Adams touched upon the need to address the root causes preventing students from fully achieving their potentials, and how this means going beyond only preparing students academically.

“We teach them algebra, trigonometry, history, and English, and all of those things that they could be prepared to get a job,” Adams said. “But we don’t teach them how to be emotionally intelligent (and) things needed to to keep a job.”

The mayor asked whether students are being prepared to confront stress, manage and navigate complex emotions, and interact with different people. Adams referenced his mother’s death in March 2021 and recalled how “very, very painful” the loss was for him, especially in the midst of campaigning to be New York City’s next mayor.

“I had to find some self-care while I was running to be mayor,” Adams said. “In our pathway of building these many rivers to optimum health and wellbeing, we are announcing one of the ways of doing this.”

Adams credited the calm he maintained throughout his mayoral campaign to the breathing exercises he’d do before going on debates. He said that doing these breathing exercises has helped him to calm his nervous system and regain a sense of balance and focus.

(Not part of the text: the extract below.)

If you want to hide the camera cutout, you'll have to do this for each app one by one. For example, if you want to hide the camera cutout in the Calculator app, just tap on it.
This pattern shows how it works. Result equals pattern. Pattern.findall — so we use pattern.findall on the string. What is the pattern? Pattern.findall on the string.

“The simplicity of it is just breathing,” he said. “There’s a science to breathing. You are about to teach these children, these scholars, the basic principle of something that is one of the oldest things in humankind.” 

The breathing exercises should last at least two minutes, but no longer than five minutes, Adams clarified. The mayor called these few extra minutes where kids will learn to do breath-work a potential “game changer in your physiology.” 

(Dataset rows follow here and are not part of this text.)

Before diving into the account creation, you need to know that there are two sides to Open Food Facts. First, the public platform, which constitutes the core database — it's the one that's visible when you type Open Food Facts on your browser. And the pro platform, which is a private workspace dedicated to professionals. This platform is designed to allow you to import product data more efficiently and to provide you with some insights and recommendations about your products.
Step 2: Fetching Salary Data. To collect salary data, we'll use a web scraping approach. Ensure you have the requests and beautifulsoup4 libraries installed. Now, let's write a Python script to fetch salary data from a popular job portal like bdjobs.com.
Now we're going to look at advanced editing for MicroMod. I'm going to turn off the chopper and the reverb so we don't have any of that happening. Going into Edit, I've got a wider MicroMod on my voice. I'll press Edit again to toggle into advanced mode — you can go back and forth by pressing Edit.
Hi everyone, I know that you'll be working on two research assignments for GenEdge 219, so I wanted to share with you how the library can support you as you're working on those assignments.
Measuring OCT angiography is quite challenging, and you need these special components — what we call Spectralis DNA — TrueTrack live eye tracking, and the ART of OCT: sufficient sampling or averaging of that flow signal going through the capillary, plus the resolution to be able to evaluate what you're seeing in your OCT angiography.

The mayor promised parents and educators that students will be less disruptive in classes and change over time when they start practicing daily, mindful breathing at school. Adams ensured schools that while the administration is requiring these daily breathing exercises, schools can opt-out if they so choose. 

“It is not forced on anyone,” Adams said. “If you choose not to do the breathing exercise, that’s fine. But we want to make sure that we build it into our everyday process of education.”

While hundreds of public schools in New York City have already incorporated some mindfulness or wellness practices into classes, Schools Chancellor Banks said that every school should be jumping on board now. 

Lena Gates, the principal of P.S. 005, said that the school had introduced a mindfulness and yoga program two years ago and that the program has been an important resource for students and families. 

“We feel that the mindfulness program has been effective,” Gates said. “They’re able to just put their heads back and just think and take that time to reflect. Then our students are ready to go on with the day.”

There will be multiple educators trained in the Yoga and Mindfulness Teacher Preparation Program, according to Banks. Schools could potentially incorporate the breathing exercises in their advisory periods, physical education classes, morning town halls, or between reading lessons. 

“We are not mandating when,” Banks said. “We are making suggestions, but we’re leaving it up to the leadership at the school to determine the best place to make it fit.”

Banks reiterated Adams’ message by saying that the breathing techniques will be a lifelong skill that students can carry with them everywhere they go. He said that the DOE will also provide parents and guardians with access to the mindful breathing program.

“There’s nothing more important that we could teach our kids than mindfulness,” Banks said. “We are also going to take more affirmative actions to ensure that our parents also get it.”

Adams pointed to another development coming down the pipeline from the city’s health department to help student mental health: a mobile app that connects students with mental health counselors in real time.

“There’s never enough,” Banks said. “The goal is to keep building more and more of what’s needed to develop academic success with emotional success. Even when we move to make sure we have social workers in every school, we’re still going to be finding new ways.”